Nell’ultima settimana i media hanno dato grande risalto all’indebolimento del dollaro che, in questo blog, s’era ipotizzato a Maggio dell’anno scorso (‘Euro-Dollaro: novità‘).
Il 9 dicembre, si scriveva così:
“A questo punto, il massimo relativo registrato a Settembre (1,2093) rappresenta l’ultimo baluardo prima dell’area 1,25 che rappresenta un target credibile.”
Alla luce del recente allungo, andiamo ad esaminare la situazione aggiornata del cambio, su base mensile:
Si osservi come i prezzi hanno effettivamente fatto il proprio ingresso all’interno dell’area, che potremmo identificare in 1,25-1,27, in cui convergono:
- proiezione rialzista del range laterale entro il quale il cambio si è mosso dal 2015 al 2017;
- trendline di massimi decrescenti avviatisi dal picco del Luglio 2008 (punto A);
- ritracciamento di Fibonacci del 38,2% del vettore ribassista A-B.
Pertanto, a questo punto sorgono i dubbi.
Per cui partiamo dagli elementi più solidi, seppur gli stessi non rappresentino certezze.
Personalmente ritengo che siano elevate le possibilità di trovarci in presenza di un’inversione di lungo termine e non di un semplice rimbalzo dell’euro.
A suggerircelo ci sono i grafici di lunghissimo termine che ho proposto nell’ultimo mese.
Andando oltre l’aspetto grafico, si ottengono conferme in tal senso.
Il dimezzamento del QE da parte della BCE da inizio anno (da 60 a 30 MLD al mese) e la decisione della Federal Reserve di ridurre progressivamente il bilancio (‘La Yellen annuncia la riduzione del bilancio‘) sono elementi chiaramente favorevoli ad un apprezzamento dell’euro e ad un deprezzamento del dollaro, che già si fanno sentire.

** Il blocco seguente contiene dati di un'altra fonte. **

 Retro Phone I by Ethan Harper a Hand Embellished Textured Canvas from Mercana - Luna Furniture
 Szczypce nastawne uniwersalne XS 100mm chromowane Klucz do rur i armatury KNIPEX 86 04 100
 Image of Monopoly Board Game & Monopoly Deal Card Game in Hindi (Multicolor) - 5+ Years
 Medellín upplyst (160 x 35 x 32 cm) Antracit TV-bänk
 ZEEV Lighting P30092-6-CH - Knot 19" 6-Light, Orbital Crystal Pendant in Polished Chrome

Recentemente il ministro del Tesoro americano Steven Mnuchin ha espresso un giudizio favorevole alla svalutazione del biglietto verde, per poi essere smentito nel giro di poche ore da Trump che, come un anno fa, ha ribadito la volontà di avere un dollaro forte.
Tra le due dichiarazioni, la più credibile è quella di Mnuchin.

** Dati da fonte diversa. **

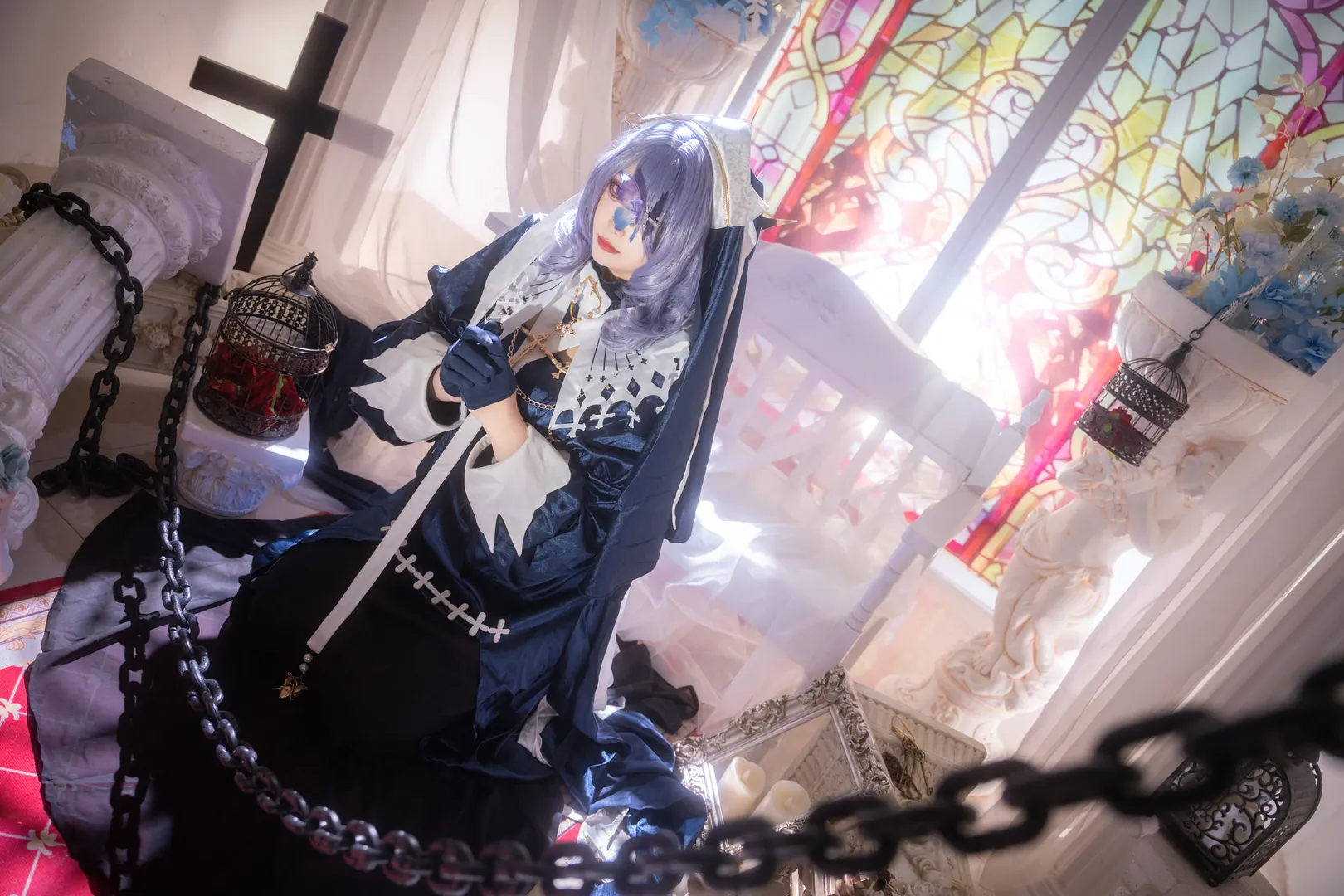 【絮雨cos】明日方舟幽邃隐修，静谧中的坚持 - 第 1 张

Innanzitutto si precisa come, dall’insediamento di Trump, il dollaro si sia deprezzato di circa il 15% nei confronti dell’euro.
Per di più, la decisione di ridurre il bilancio dello Stato, come detto, è sfavorevole alla moneta americana.
Va inoltre sottolineata come il presidente americano abbia inneggiato in più occasione una politica protezionista, e la svalutazione del dollaro rappresenta sotto tutti gli effetti un dazio per gli altri Paesi.
Tornando all’aspetto grafico ed alla stretta attualità, sempre all’interno di un’impostazione di fondo rialzista (per l’euro), i possibili sviluppi di breve sono due:
- correzione da area 1,25-1,27 per scaricare l’ipercomprato su base giornaliera e settimanale;
- ulteriore sforzo al rialzo finalizzato a portare i prezzi oltre la trendline di massimi crescenti, per poi smaltire l’ipercomprato con un pull back.
Al di là del preciso sviluppo, è consigliabile prudenza all’investitore (non mi riferisco al trader) a cui, abituato a livelli di cambio decisamente più bassi, 1,25 può apparire come un’occasione imperdibile per acquistare il dollaro.